Женщину, страдавшую религиозным помешательством, спросили, почему она никогда ничем не занимается: "Потому что меня зовут лентяйкой", -- отвечала она. -- "Ты так безобразна, что на тебя противно смотреть". -- "Кто не хочет смотреть на меня, пусть выколет глаза". -- "Ты самая безумная из сумасшедших в этой больнице". -- "Блажен торговец, знающий хорошо достоинство своего товара".
Теперь займемся поэтами-безумцами, поэтами, родина таланта которых -больница для умалишенных. Лишь немногие из них получили раньше литературное образование, большинство же, по-видимому, вдохновляется и как бы воспитывается исключительно психической болезнью. Я мог бы привести массу примеров в этом роде, но, чтобы не увеличивать объем своей книги и не наскучить читателям, ограничусь лишь немногими, прибавив при этом, что произведения поэтов-безумцев всегда страдают отсутствием единства, отличаясь вместе с тем замечательной неровностью не только в отношении поразительной быстроты переходов от самого мрачного настроения к самому веселому, но также по массе противоречий, какую они представляют, и по легкости, с какою меняется их слог, то правильный, утонченный, изящный, то грубый до неприличия, циничный, безграмотный и совершенно бессмысленный"*.

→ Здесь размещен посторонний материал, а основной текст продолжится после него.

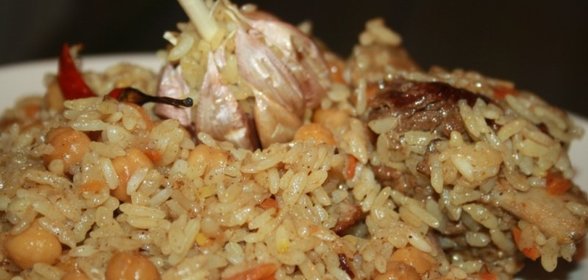 Плов с говядиной, курицей и нутом в мультиварке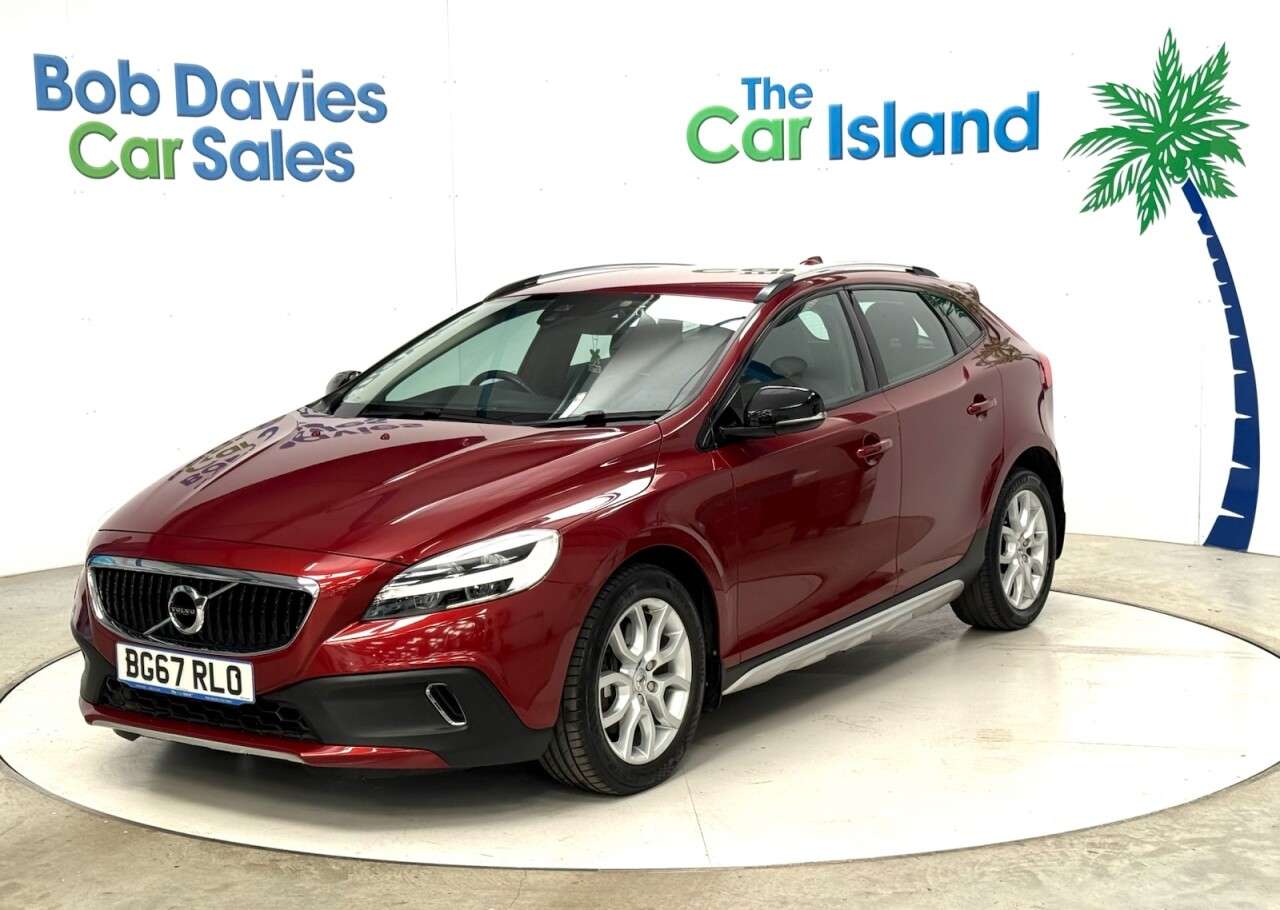 A 2017 VOLVO V40 CROSS COUNTRY 1.5 T3 Pro Hatchback 5dr Petrol Auto Euro 6 (s/s) (152 ps) Full Service His A 2017 VOLVO V40 CROSS COUNTRY 1.5 T3 Pro Hatchback 5dr Petrol Auto Euro 6 (s/s) (152 ps) Full Service His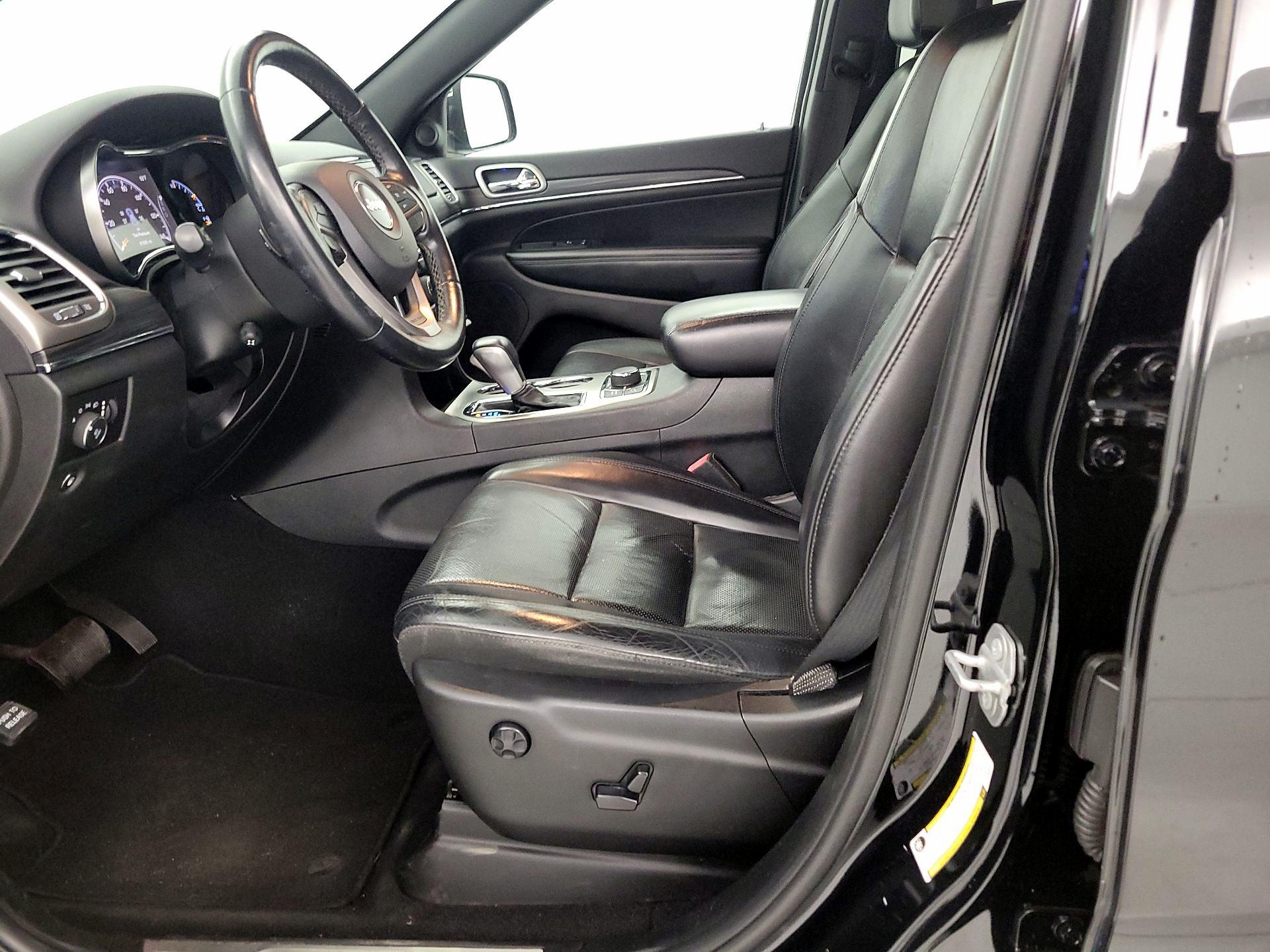 Thumbnail: 2019 Jeep Grand Cherokee - 11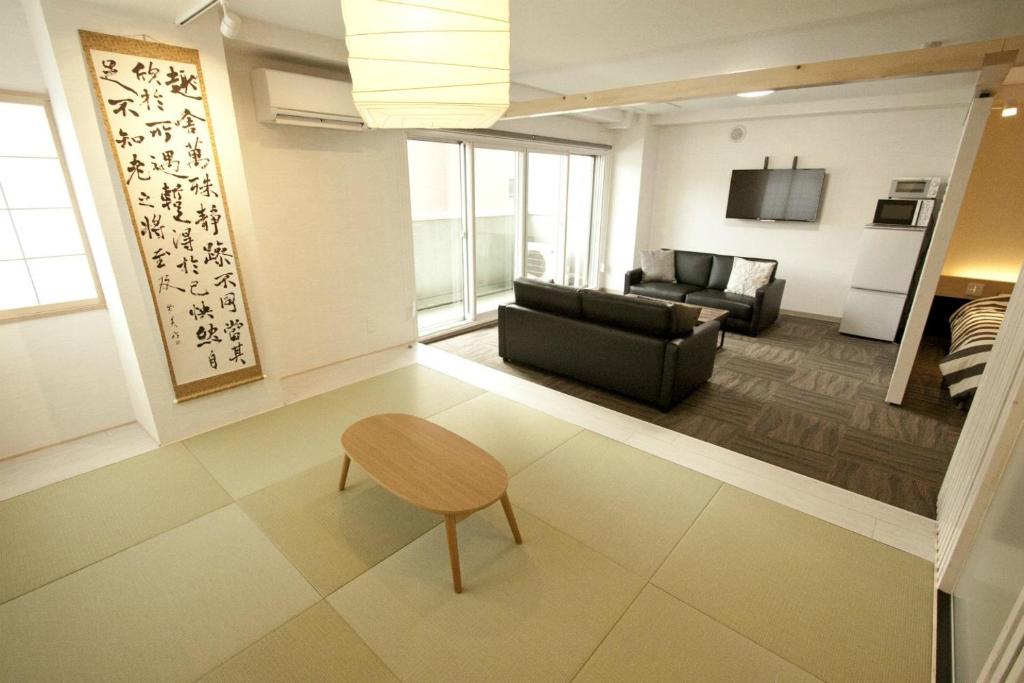 uma sala de estar com um sofá e uma mesa em Place 11 Building / Vacation STAY 2139 em Sapporo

[В русском переводе помещены не все произведения умалишенных, приведенных в оригинале у Ломброзо, в связи с трудностью перевода.]
Некогда известный поэт М.Ж., брат знаменитого литератора, помешавшись вследствие чрезмерных занятий и злоупотребления спиртными напитками, начал тиранить свою жену, кричать и бранить воображаемых преследователей. Через несколько времени, когда эти припадки бешенства прекратились, у него явилась мания величия и он принялся писать стихи, чрезвычайно гармоничные, но совершенно бессмысленные. Между прочим, он сочинил трагедию, где в число 60 действующих лиц помещены и Архимед с Гарибальди, и Эммануил Карл Феликс с Евой, Давидом и Саулом. Тут являются также и невидимые персонажи, звезды, кометы, которые тем не менее произносят длиннейшие монологи.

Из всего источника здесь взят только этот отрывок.